> What is being asked
Copying task for the records below: reproduce each one exactly and drop the pictures.
*** Available data ***
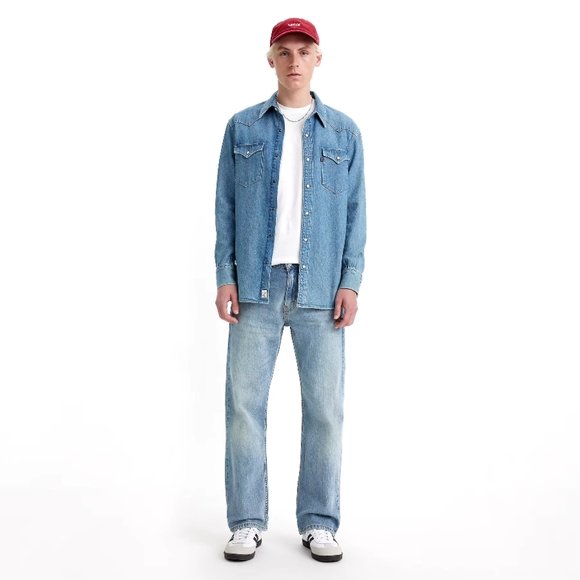 Levi's 569™ Loose Straight Fit Jeans 36x30 - NWT - Picture 1 of 5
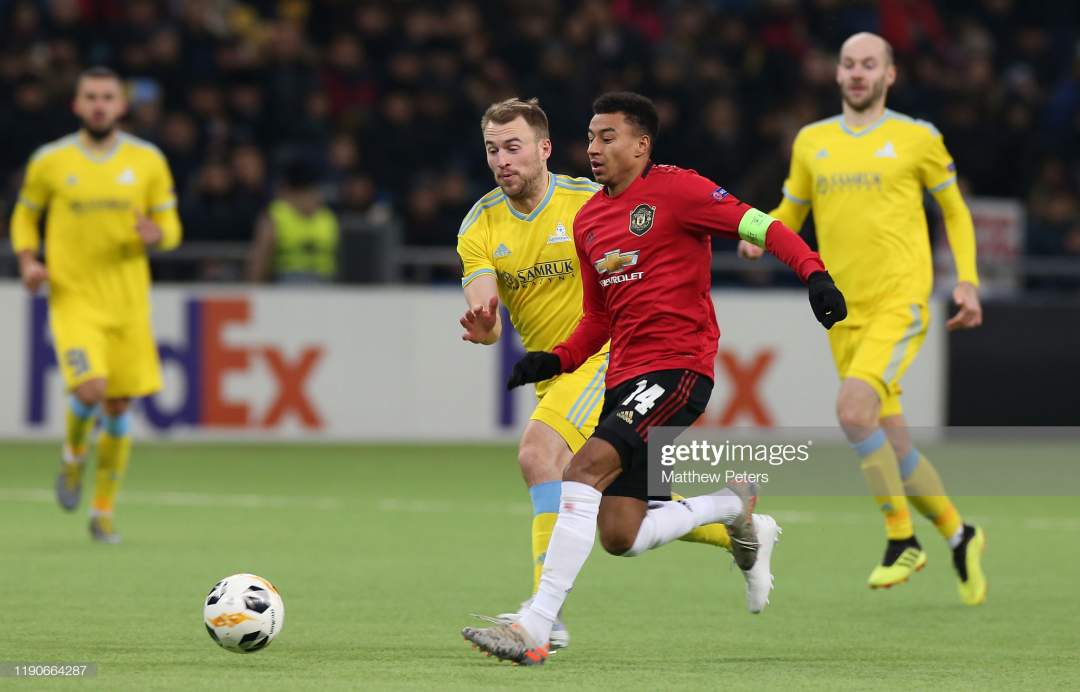 Solskjaer under attack for naming Man United star as captain despite him not scoring in 2019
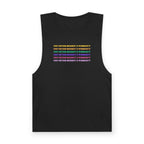 You Never Regret A Workout - Unisex Barnard Tank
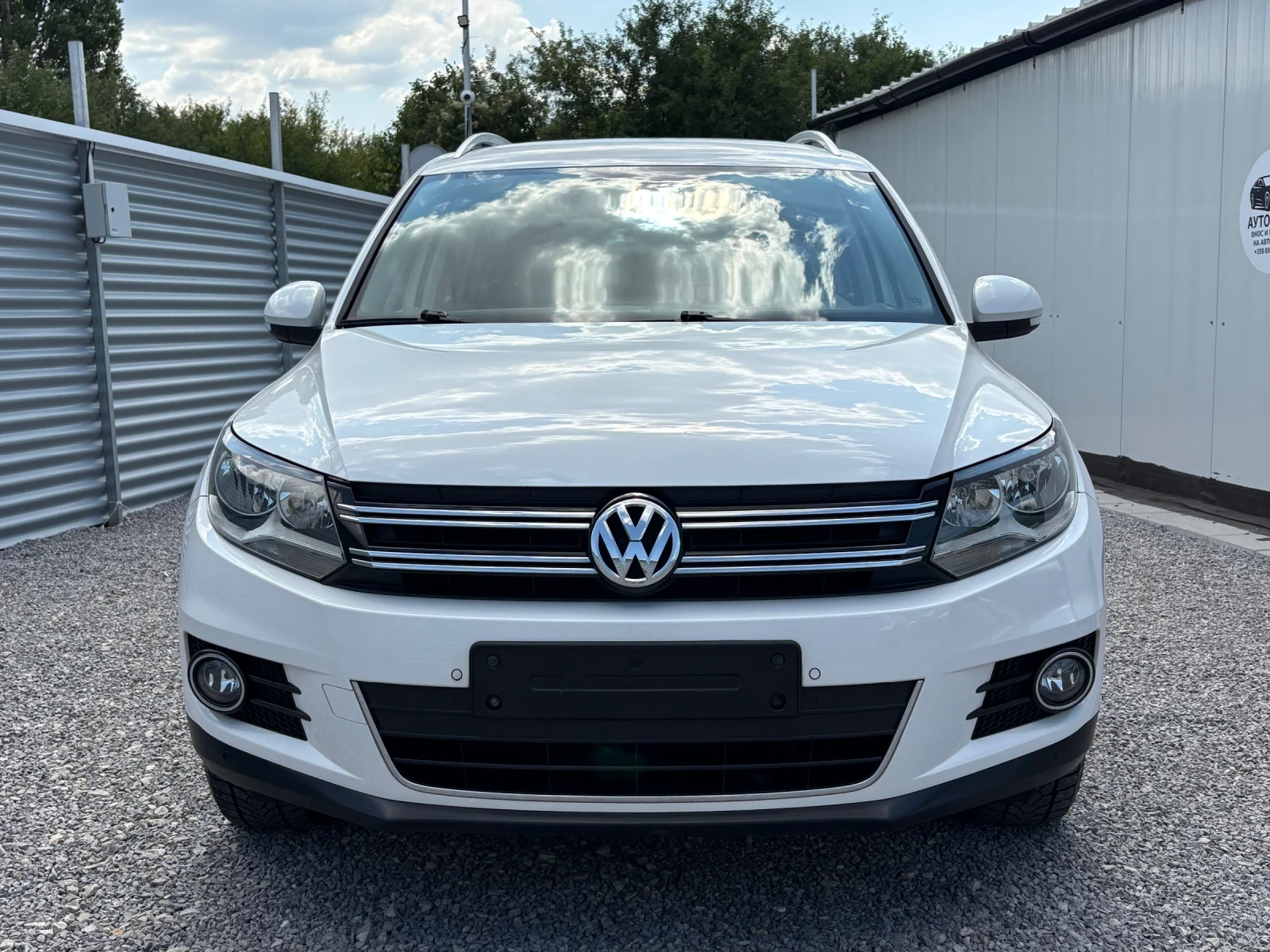VW Tiguan 2 0TDI-4x4-АВТОМАТИК-HI-LINE - изображение 3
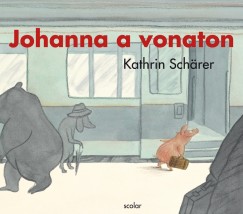 Johanna a vonaton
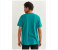 Springfield 712210187 XS Short Sleeve T-Shirt for Men - Turquoise 2 in UAE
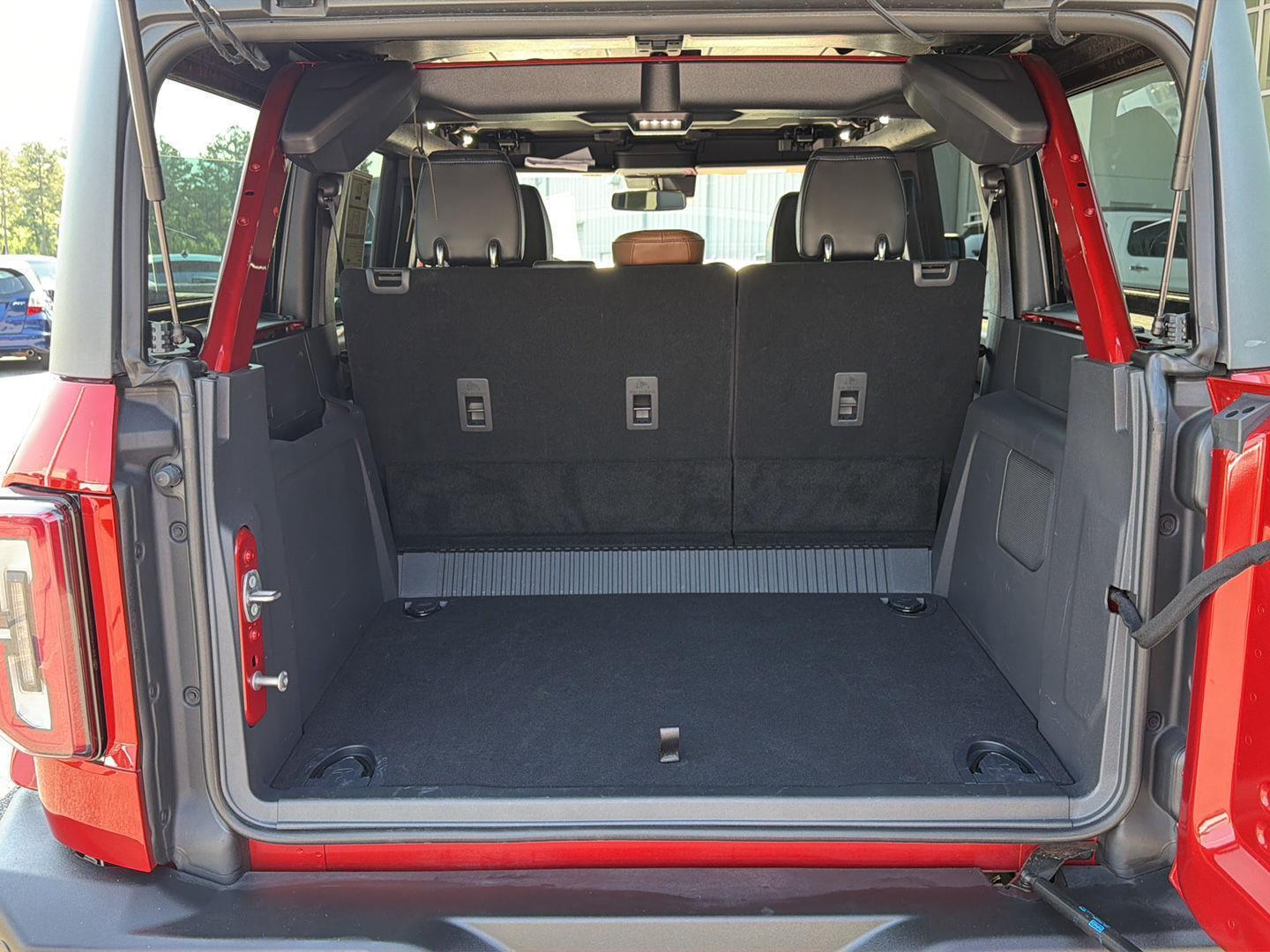 Used 2024 Ford Bronco SUV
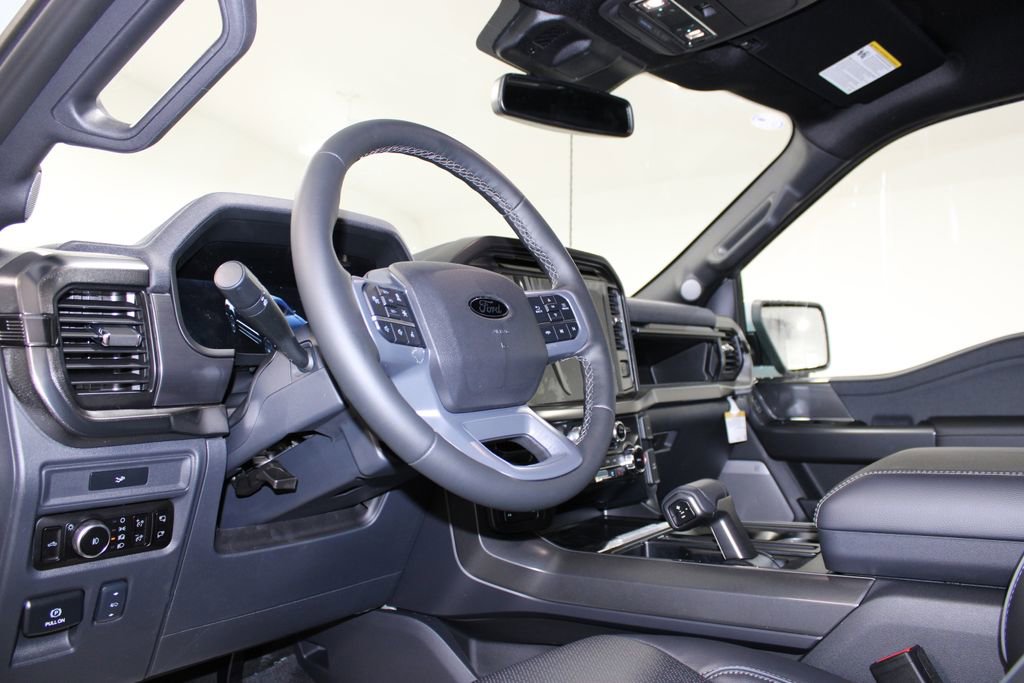 New 2026 Ford F150 Lariat w/ Equipment Group 501A Mid image 25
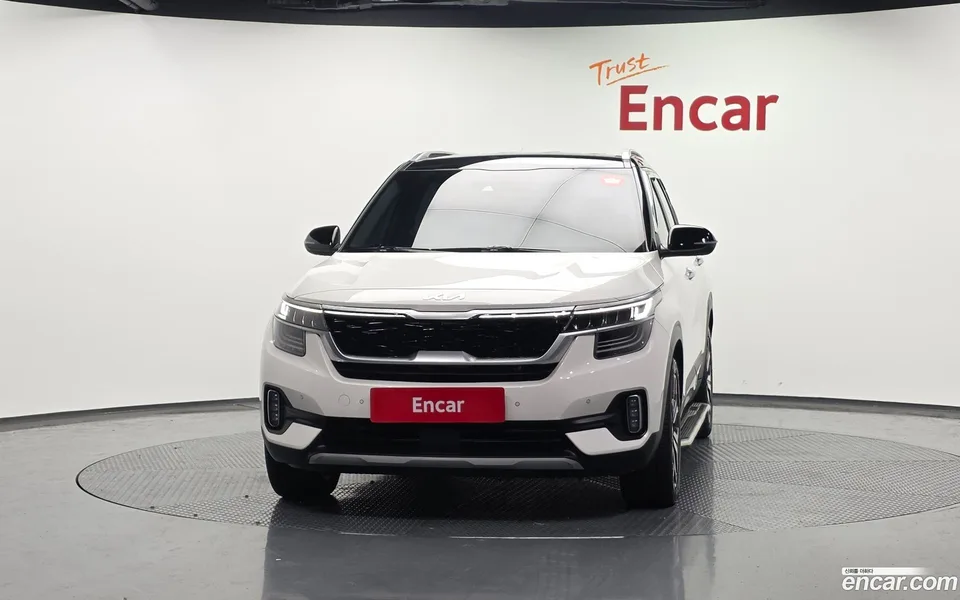Kia Seltos 1.6 2WD 2022 — миниатюра 3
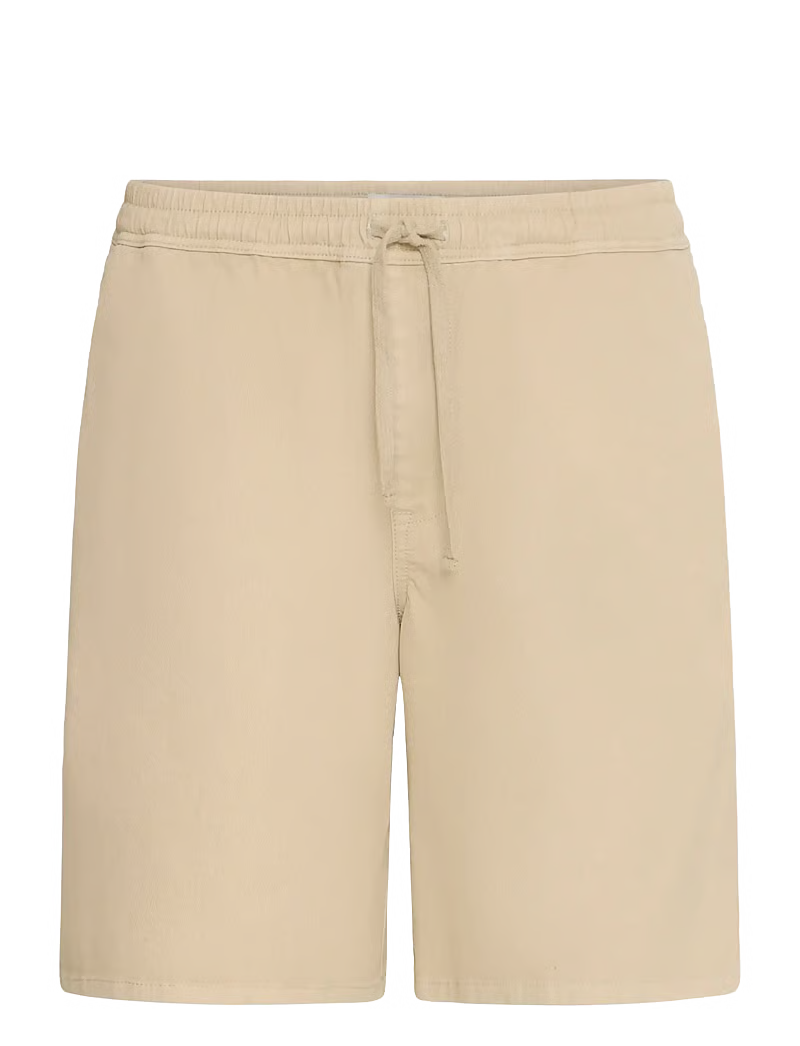 BHMARCO SHORTS "OYSTER GRAY"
*** End of Available data ***
> Task response
 Levi's 569™ Loose Straight Fit Jeans 36x30 - NWT - Picture 1 of 5
 Solskjaer under attack for naming Man United star as captain despite him not scoring in 2019
 You Never Regret A Workout - Unisex Barnard Tank
VW Tiguan 2 0TDI-4x4-АВТОМАТИК-HI-LINE - изображение 3
 Johanna a vonaton
 Springfield 712210187 XS Short Sleeve T-Shirt for Men - Turquoise 2 in UAE
 Used 2024 Ford Bronco SUV
 New 2026 Ford F150 Lariat w/ Equipment Group 501A Mid image 25
Kia Seltos 1.6 2WD 2022 — миниатюра 3
 BHMARCO SHORTS "OYSTER GRAY"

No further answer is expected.